We’re not ready to buy but we will be looking really hard at Defevers from now on.  This one has active stabilizers which is not my preference.  I wouldn’t mind if we ended up with active stabilizers but they would have to be in addition to passive stabilizers.  I’ve heard too many horror stories about the actives failing or getting bashed up against something.  I think my partner is going to need a stabilized boat and reliable stabilization means passive stabilization as far as I can tell.

We also weren’t wild about the space behind the salon/galley.  There’s a deck area underneath the fly bridge that has about 4’ of headroom.  I think its designed for a couple of chaise lounges but it just looks like wasted space to me.  Other than those quibbles it was a pretty nice boat at a reasonable price.  

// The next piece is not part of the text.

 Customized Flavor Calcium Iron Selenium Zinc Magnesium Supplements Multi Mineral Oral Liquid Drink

So we reached a watershed today – up until today all we had was a list of what we don’t want.  We don’t want wood.  We don’t want anything under 45 feet.  We don’t want a single engine.  But now we have something that we actually do want.  That’s not saying that we will buy a Defever but we’ll make damn sure to look at every one that comes along.

Thursday, March 25, 2010

Hanging out in Anacortes

La Conner actually but nobody has ever heard of La Conner and a few people might recognize Anacortes.

You can almost see the bay through the trees behind the bus.  From inside the bus we can definitely see the tide coming and going.

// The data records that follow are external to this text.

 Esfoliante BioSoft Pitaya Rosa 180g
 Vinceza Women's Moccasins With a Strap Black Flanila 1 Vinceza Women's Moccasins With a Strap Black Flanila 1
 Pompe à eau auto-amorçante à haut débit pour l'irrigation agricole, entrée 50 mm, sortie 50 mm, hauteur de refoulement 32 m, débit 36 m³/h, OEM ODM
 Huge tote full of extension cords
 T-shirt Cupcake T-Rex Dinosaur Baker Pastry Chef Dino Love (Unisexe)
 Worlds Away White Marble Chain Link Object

Yesterday I walked down at low tide to watch a young Indian man digging clams.  We tried digging clams at White Rock when the kids were young but didn’t damage the clam population at all.  Now that I have seen somebody successfully digging them I think maybe I could actually find some myself.  I watched the Mexicans dragging for them in the surf at Las Glorias about 5 years ago but that system requires a little more equipment than I want to haul along with us.  The young fellow yesterday had a garden fork and some pails – that’s about the level of technology I had in mind.

Today the tide was still in when I walked down to the beach.  I’m hoping to encounter my young friend again later today in order to get us some fresh clams but in the interest of not confessing online to committing a felony I’m not going to say any more about that.  (on edit: after three trips to the beach I am still unable to locate my co-conspirator so we are both depressingly in compliance with the fish and game laws and there are no fresh clams for supper tonight)

This morning we drove into La Conner so I could mail Rockaway Beach their mordita.  Marilyn had bought some books on ebay and had them shipped here so we checked on them and sure enough they had arrived.  I had ordered some V-belts from NAPA and they were in as well.  All in all a pretty productive trip and I didn’t even mention the milk we bought.

We also spent about an hour looking at a 48’ Grand Banks that Dea had lined up for us.  This was still one of the wooden Grand Banks so we don’t think it is the boat for us but it had a lot going for it nevertheless.  I can’t count how many people have told me with a dead serious face “you’ll never find a standup engine room in a 50 foot vessel”.  Well this one was 48 feet and it has a standup engine room.  That’s really important to me for a couple of reasons.  First off it lets you get in there and do regular maintenance and second it becomes the workshop that I don’t have now.  Last week we looked at an Ocean Alexander Mark I which was a gorgeous vessel, much newer than the Grand Banks and two feet longer but I would have had to lie on my belly to service the engines.  On the Ocean Alexander I could see the generator but there wasn’t a hope in hell that I could get at it to do service.  On the Grand Banks I could get all around the genset.  I also had more or less adequate headroom throughout the Grand Banks which again is something I have been repeatedly told will be impossible to find.  Despite all those positives its still pretty much of a cocktail cruiser.  Right or wrong I’ve got a picture of what we need and it doesn’t have a great big flat transom or a high topheavy flybridge.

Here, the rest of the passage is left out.